> WORK REQUEST
The answer must be a single number: the count of lines in the data below that hold the word "Picture".

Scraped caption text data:
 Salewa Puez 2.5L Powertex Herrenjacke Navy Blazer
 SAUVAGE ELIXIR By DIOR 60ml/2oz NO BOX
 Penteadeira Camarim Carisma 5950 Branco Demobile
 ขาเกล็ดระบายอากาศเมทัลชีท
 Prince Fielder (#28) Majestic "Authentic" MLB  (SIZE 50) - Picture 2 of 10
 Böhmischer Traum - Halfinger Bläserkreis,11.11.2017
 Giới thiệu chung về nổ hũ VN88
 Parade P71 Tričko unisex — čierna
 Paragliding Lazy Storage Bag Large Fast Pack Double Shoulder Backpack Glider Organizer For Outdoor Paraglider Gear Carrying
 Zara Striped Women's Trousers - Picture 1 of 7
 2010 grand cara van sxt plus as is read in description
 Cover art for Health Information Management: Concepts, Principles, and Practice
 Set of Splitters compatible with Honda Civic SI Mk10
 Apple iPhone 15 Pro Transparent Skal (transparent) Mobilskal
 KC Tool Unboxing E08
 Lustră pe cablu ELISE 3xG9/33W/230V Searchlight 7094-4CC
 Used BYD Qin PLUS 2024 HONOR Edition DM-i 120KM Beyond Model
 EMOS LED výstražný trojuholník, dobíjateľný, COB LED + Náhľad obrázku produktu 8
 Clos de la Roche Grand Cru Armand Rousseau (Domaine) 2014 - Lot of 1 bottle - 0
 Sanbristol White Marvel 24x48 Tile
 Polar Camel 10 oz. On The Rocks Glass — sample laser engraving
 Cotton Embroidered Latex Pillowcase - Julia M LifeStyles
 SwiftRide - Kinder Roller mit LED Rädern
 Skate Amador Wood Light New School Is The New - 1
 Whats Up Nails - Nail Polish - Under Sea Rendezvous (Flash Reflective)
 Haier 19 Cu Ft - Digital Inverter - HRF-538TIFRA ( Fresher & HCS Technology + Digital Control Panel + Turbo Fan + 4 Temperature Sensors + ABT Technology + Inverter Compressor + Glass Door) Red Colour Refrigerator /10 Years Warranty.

> RESULT
2